[What you are asked to do]: Line by line, copy the records below exactly and leave the pictures out.

*** Begin section ***

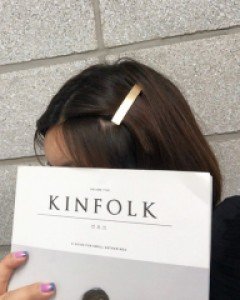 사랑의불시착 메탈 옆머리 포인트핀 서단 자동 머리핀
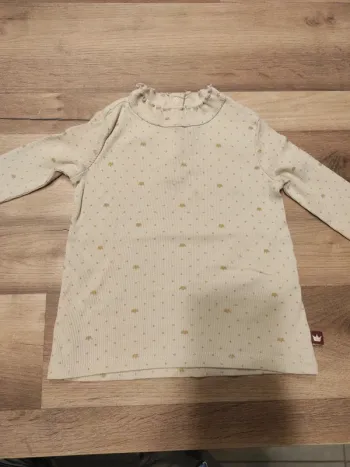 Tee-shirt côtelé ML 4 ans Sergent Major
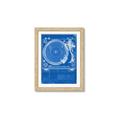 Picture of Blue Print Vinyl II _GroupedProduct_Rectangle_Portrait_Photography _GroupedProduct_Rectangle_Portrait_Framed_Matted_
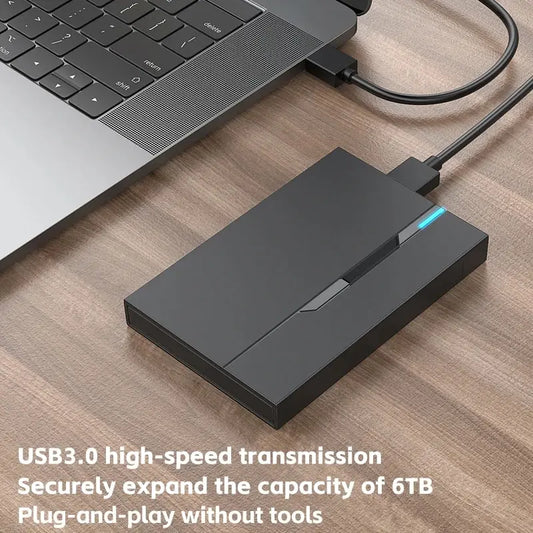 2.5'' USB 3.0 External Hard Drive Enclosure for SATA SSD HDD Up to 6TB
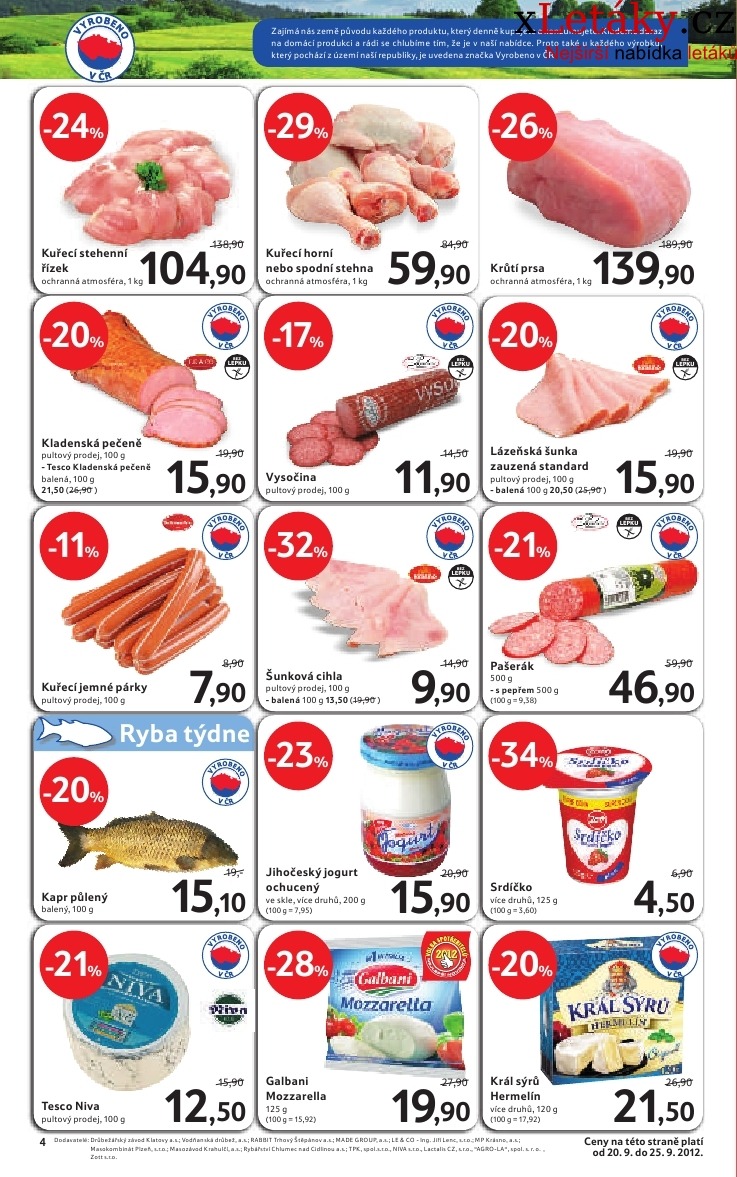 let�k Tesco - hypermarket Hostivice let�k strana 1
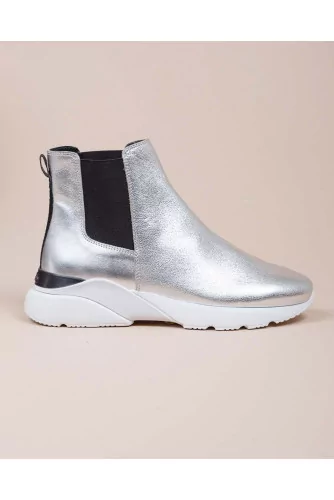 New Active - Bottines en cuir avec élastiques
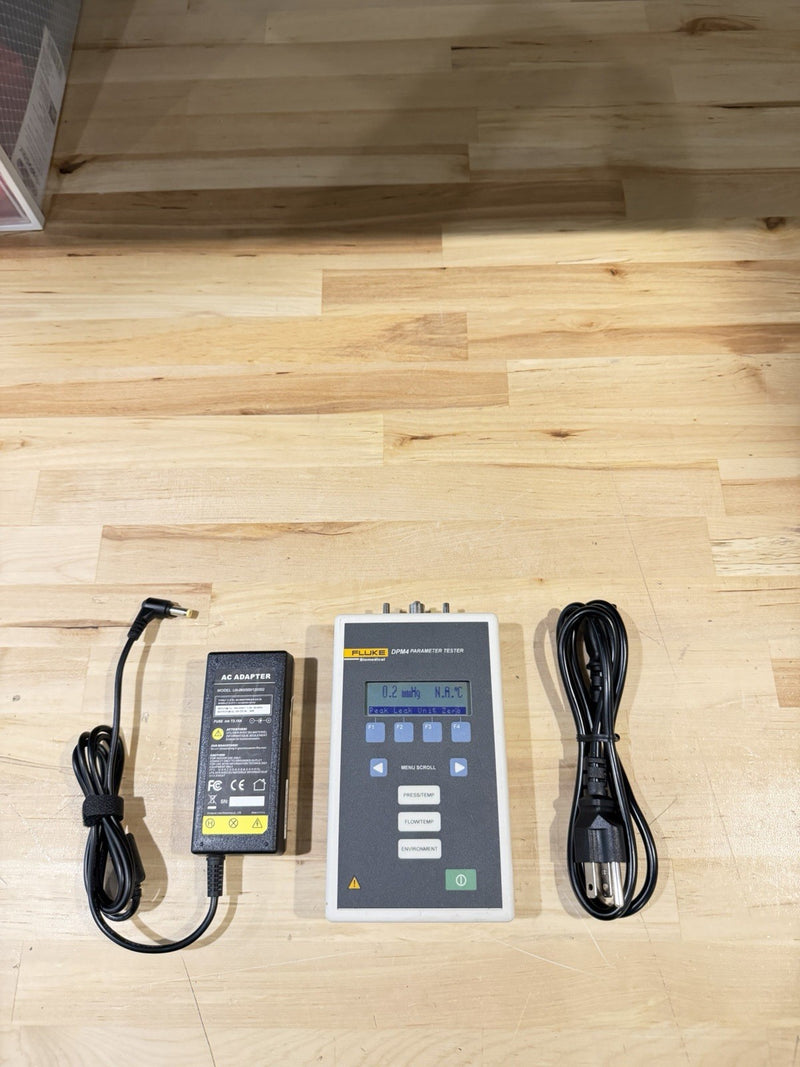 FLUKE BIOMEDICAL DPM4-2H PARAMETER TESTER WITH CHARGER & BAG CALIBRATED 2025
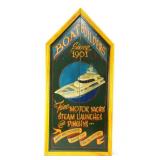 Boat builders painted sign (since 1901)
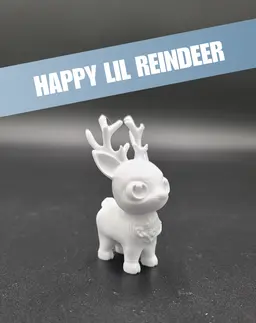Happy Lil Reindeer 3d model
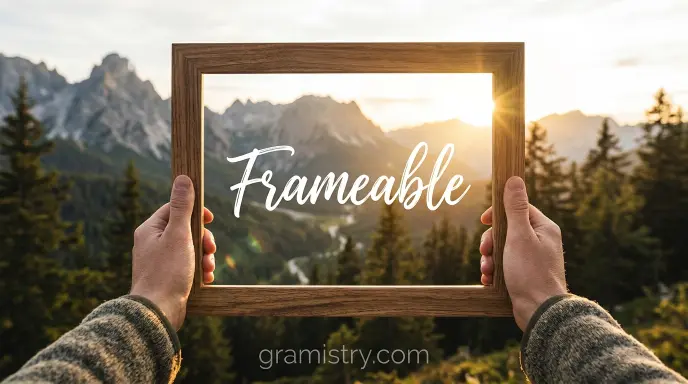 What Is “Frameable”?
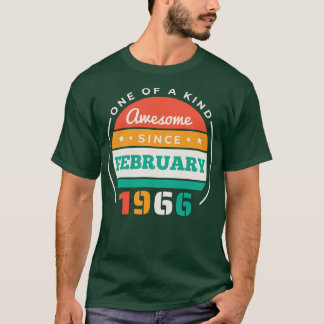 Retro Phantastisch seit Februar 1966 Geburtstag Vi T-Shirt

*** End section ***

[Reply to the exercise]:
 사랑의불시착 메탈 옆머리 포인트핀 서단 자동 머리핀
 Tee-shirt côtelé ML 4 ans Sergent Major
 Picture of Blue Print Vinyl II _GroupedProduct_Rectangle_Portrait_Photography _GroupedProduct_Rectangle_Portrait_Framed_Matted_
 2.5'' USB 3.0 External Hard Drive Enclosure for SATA SSD HDD Up to 6TB
 let�k Tesco - hypermarket Hostivice let�k strana 1
 New Active - Bottines en cuir avec élastiques
 FLUKE BIOMEDICAL DPM4-2H PARAMETER TESTER WITH CHARGER & BAG CALIBRATED 2025
 Boat builders painted sign (since 1901)
Happy Lil Reindeer 3d model
 What Is “Frameable”?
 Retro Phantastisch seit Februar 1966 Geburtstag Vi T-Shirt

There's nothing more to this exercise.